Aug 21 2007
When windows are not enough
It’s not uncommon for “star” programmers to be an order of magnitude more productive than their colleagues. I believe that a large part of that productivity gap comes not from doing tasks faster, but from not doing them at all. Good programmers make the machine sweat instead.
I recently had a very unpleasant talk with one of our support developers. She was very annoyed, in a defensive mood, arguing that she is already too busy and cannot take on a bit more work. After twenty minutes of talking, she finally calmed down, and we came to the root of the problem. It’s not the programming part of her work that is killing her, but the fact that she has to go through several terminal servers to deploy changes to client environments, and that she has to merge all her changes into several revisions. And she does that for every single change, several times a day. So, in fact, she spent most of her time logging on to different computers and copying files between them. Although she understood the problem herself, the thought of automating those silly tasks never came to her mind.
It’s incredible how, for a profession based around telling machines how to perform dull and error-prone tasks instead of humans, so few programmers think about how to automate their own work. This is especially noticeable with the “Windows generation”, people who never effectively used the command line. GUI programs are, without a doubt, more user friendly and easier to use, but they are bloody hard to automate. When a task has to be done fifty times, or performed across the network, words “ease of use” take on a completely different meaning. That is the point when good programmers break from the usual practices and find better ways to do the job, and bad programmers stick to their old habits.

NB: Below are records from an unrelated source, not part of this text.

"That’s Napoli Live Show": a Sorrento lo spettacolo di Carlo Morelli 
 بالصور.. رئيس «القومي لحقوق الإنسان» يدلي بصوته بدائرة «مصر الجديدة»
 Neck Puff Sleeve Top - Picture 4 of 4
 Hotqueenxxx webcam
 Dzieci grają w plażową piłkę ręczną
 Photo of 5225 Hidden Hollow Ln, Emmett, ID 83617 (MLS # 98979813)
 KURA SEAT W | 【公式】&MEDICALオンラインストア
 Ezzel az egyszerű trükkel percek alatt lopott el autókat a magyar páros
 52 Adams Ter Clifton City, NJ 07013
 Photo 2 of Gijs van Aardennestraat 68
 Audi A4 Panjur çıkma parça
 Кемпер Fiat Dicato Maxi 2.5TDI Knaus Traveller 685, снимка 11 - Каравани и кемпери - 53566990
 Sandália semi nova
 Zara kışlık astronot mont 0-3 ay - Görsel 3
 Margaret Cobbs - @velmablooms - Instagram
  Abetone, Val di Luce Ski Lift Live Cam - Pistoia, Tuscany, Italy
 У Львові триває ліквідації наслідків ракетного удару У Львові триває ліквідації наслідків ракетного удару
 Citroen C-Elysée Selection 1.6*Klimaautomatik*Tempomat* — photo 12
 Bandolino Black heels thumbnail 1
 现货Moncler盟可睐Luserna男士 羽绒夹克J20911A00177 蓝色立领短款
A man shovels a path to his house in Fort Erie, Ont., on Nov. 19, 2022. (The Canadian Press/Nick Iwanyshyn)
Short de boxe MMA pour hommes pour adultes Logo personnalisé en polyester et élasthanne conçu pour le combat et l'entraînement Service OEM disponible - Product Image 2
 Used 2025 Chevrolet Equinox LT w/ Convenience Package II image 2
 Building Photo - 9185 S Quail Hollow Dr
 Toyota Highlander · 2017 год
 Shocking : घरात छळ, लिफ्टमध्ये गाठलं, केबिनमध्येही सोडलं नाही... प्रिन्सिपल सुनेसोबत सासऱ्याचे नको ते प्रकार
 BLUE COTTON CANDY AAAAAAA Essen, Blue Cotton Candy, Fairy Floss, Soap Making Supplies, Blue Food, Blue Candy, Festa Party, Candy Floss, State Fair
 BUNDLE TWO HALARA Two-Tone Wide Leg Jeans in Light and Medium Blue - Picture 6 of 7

Breaking from the old habits
A few years ago, I did some consultancy work for a company whose application generated huge log files on clustered servers. To find the cause of any problem, programmers and support staff transferred gigabytes of data from client’s web servers to their computers in order to analyse them. Each transfer took at least 10 to 15 minutes. There was no special reason for pulling all the log files to local machines, people were just used to doing their job like that. I was even more amazed to see that even some “senior” programmers in that organization repeatedly (tried) to open monstrous log files in Notepad and than wasted the next 20 minutes waiting for their machine to unfreeze. All that just to find a few lines of text, which could have been done in a minute or two using findstr on the server.
When a solution clearly does not scale to the problem, we look for a better one, or a different way to implement it. The solution often requires using a different approach, or different tools. The same holds for non-programming tasks. We must look for better ways to perform daily tasks when the usual tricks don’t work. In this case, the proper solution was to use the command line. Programs like tail and grep were developed at a time when network connections were bad, and computing power was scarce, so they don’t require a lot of typing and clicking. Although available bandwidth and computing power have improved greatly over the last 20 years, such tools are still irreplaceable for processing large text files, especially on remote computers. Sadly, I meet more and more developers who never heard of those tools. If you are reading these lines and thinking to yourself “what the heck is grep“, here is just a brief introduction to some common tasks that these tools do really, really well:
grep
- get all lines containing a string (or a regular expression) from a large file - for example, get all log items for a particular session or user
- count the number of occurrences of a string (or regular expression) in a file - for example, find how many times someone has logged yesterday
- find all files that contain a string (or regular expression) - for example, list log files that contain a particular username
more
- view the start of a large file - for example, see the IIS log file format which prints column headers in the first line
tail
- quickly view the last few lines of a large file - for example, check out the last exception
- monitor how a log file is changing while other processes are writing into it - great for troubleshooting a live application, because it does not lock the file
awk
- extract lines from a large file and reformat them - for example build URLs by appending fields from a tab-separated log file to the site prefix, or create a block of SQL statements to populate tables from some data export file
- calculate statistics on file content - find top 20 client IPs by web bandwidth used and print the number of requests and total bandwidth used by each one
- split a file into several other files, based on line content - for example, extract multi-line exceptions from a log file
- quickly analyse a comma-separated, tab-separated or any other file format with multiple fields in a line
sed
- “replace all” for large files and sets of files
Working on Windows is often an excuse for not using command-line tools, but that is just an excuse. There are several free sets of tools which bring power to the Windows command line. For example, Cygwin package allows most popular Unix tools to run from Windows. Windows Resource Kit from Microsoft contains tail and qgrep (a fairly usable variant of grep). PsTools, another package now owned by Microsoft, contains gems like psexec that can run a program on a remote computer. Some tools, like GNU Awk have been directly ported to Windows by the GNU foundation.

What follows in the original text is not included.